"Of course. Any fool ought to have thought of that," he muttered, ashamed that it had been she instead of himself who had foreseen the danger.

So they hearkened to the voice of caution and paralleled the road, keeping a dozen or a score of paces to its side, and often tempted, because of its comparative smoothness and the difficult brokenness of the mountainside over which they elected to travel, to yield utterly to its inviting voice. They turned back and glimpsed the twinkling lights of Big Pine; they lost the lights as they forged on; they found them again, grown fainter and fewer and farther away.

"Can you go on walking this way all night?" he asked her once.

"All night, if we have to," she told him simply.

They tramped along in silence, their boots rising and falling regularly.

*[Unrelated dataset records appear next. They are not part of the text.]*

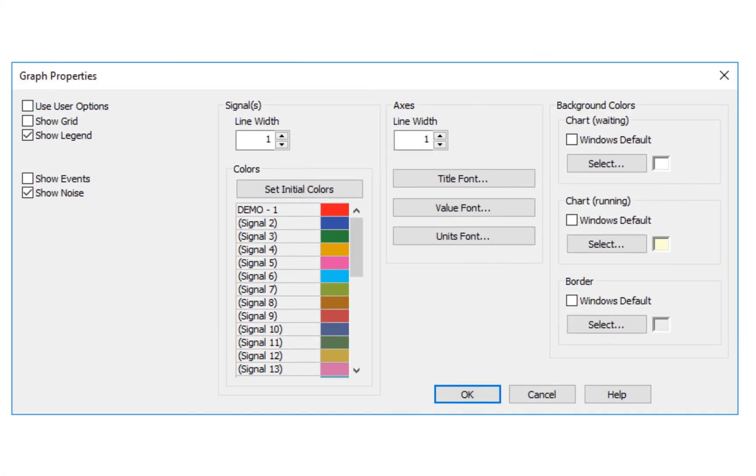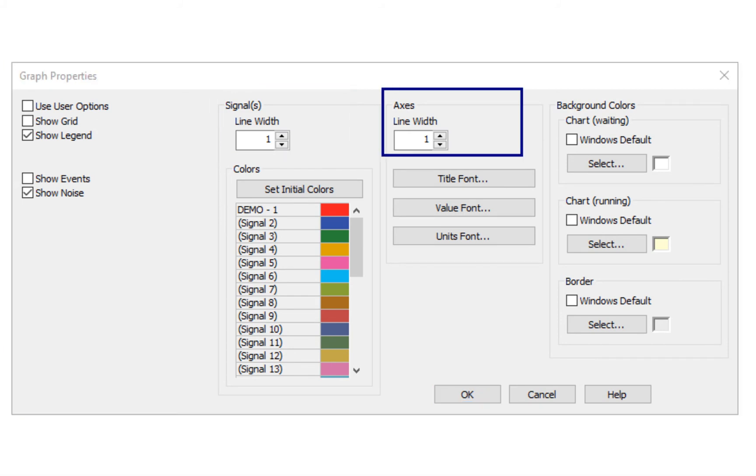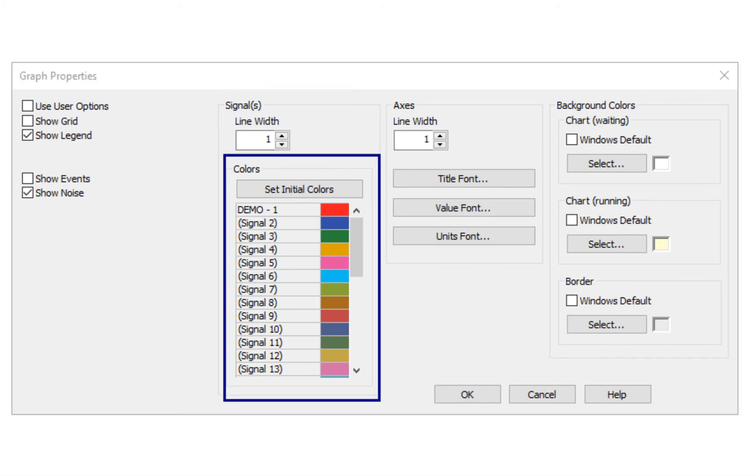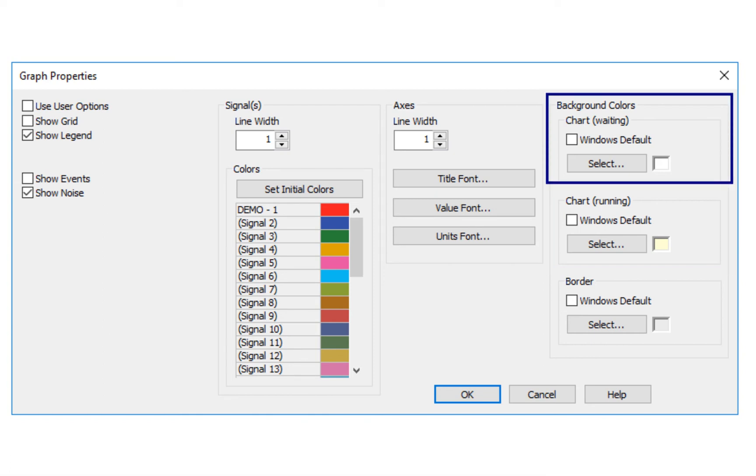Here, you can set other settings such as grid for easier reading of values, legend for purpose of multi-signal data acquisition, set width of the signal line and axis. Choose custom colors of signals and change background colors for when the instrument is in running state or waiting state.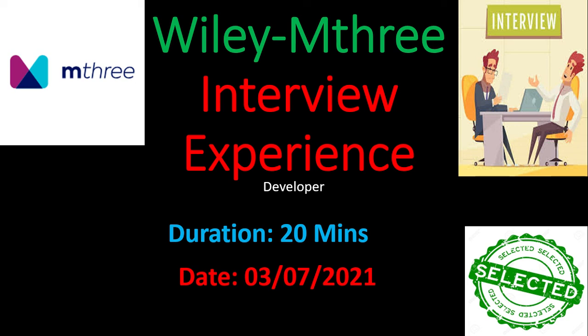In this video, let me see the Wilmi M3 interview experience. The duration of interview is 20 minutes. The date of interview is 3-7-2021. In this interview, they have asked both TR questions and HR questions. Now let me see the TR and HR questions in this video.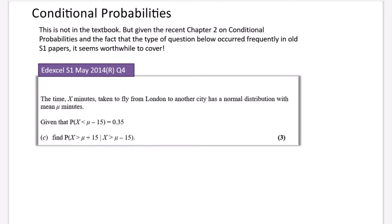This is something I've been meaning to add to the normal distribution playlist for ages. There are quite a lot of exam-style questions that use conditional probabilities, so although this isn't covered in the textbook I wanted to mention it.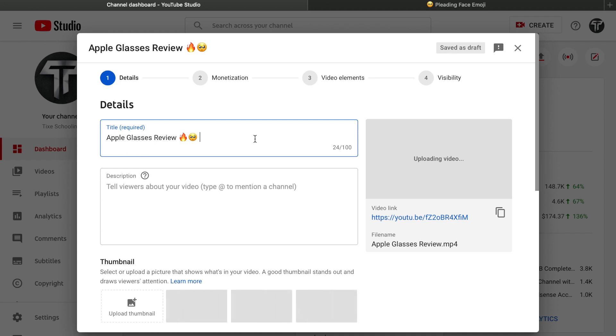And that's pretty it. So if you think this video helped you on how to get your emojis on your YouTube title, please make sure to subscribe this channel and make sure to leave us a comment and like it. Keep visiting Tig's Schooling.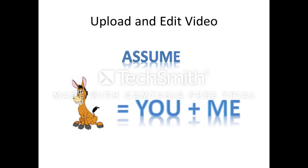Now before we get too deep into this, I want to make sure I apply the old adage of the word assume. I'm going to assume that you know how to upload and edit a video in Camtasia already.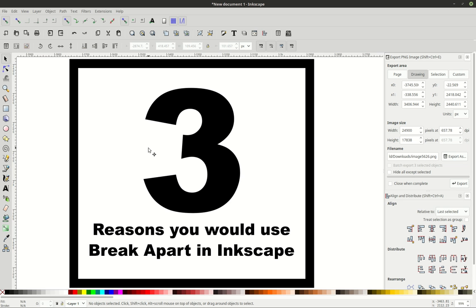Hey everybody, this is Logan Holdaway with Shepherd's Branding, and today I want to give you three reasons why you would use the break apart path function in Inkscape. First of all, what is break apart and where do you find it?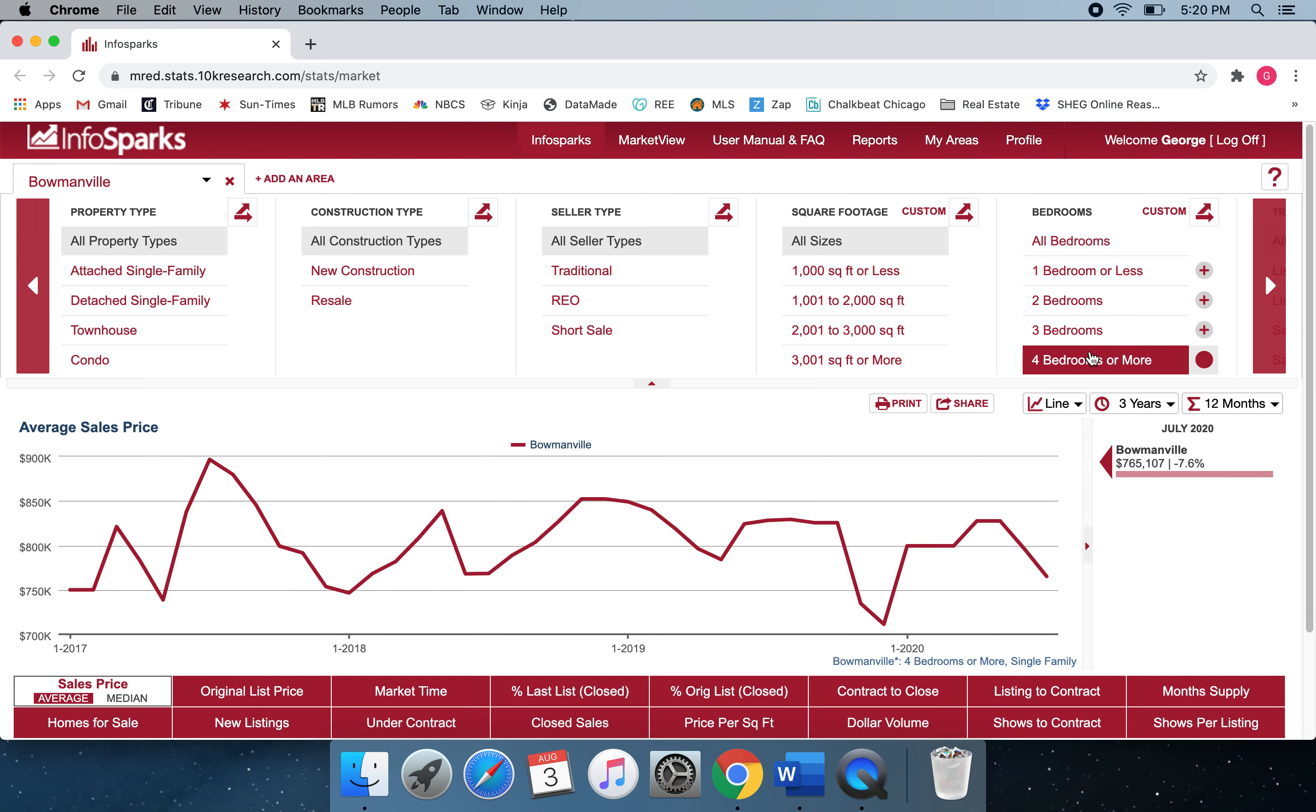And then finally, four or more bedrooms are down slightly, but still averaging just over $765,000.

The first tenseness, since human nerves will remain taut only so long, had passed. They had time for thought now, both before and after. Mentally each was reviewing all that had occurred to-night and, building theoretically upon those happenings, was casting forward into the future. The present was a path of hazard, and surely the future lay shut in by black shadows. Yet both of them were young, and youth is the time of golden hopes, no matter how drearily embraced by stony facts. And youth, in both of them, despite the difference of sex, was of the same order: a time of wild blood; youth at its animal best, lusty, vigorous, dauntless, devil-may-care; theirs the spirits which leap, hearts glad and fearless. And when, after a while, now and then they spoke again, there was youth playing up to youth in its own inevitable fashion; confidence asserting itself and begetting more confidence; youth wearing its outer cloakings with its own inimitable swagger.

They had trudged along the narrow mountain road for a full hour or more when they heard the clattering noise of a horse's shod hoofs.

"I knew it," said Deveril sharply. "Damn them."

With one accord he and she withdrew hastily, slipping into the convenient shadows thrown by a clump of trees, and peered forth through a screen of high brush. The hurrying hoof beats came on, up-grade, hence from the general direction of Big Pine. Two men, and riding neck and neck, driving their horses hard. The riders drew on rapidly; were for a fleeting moment vaguely outlined against a field of stars ... swept on.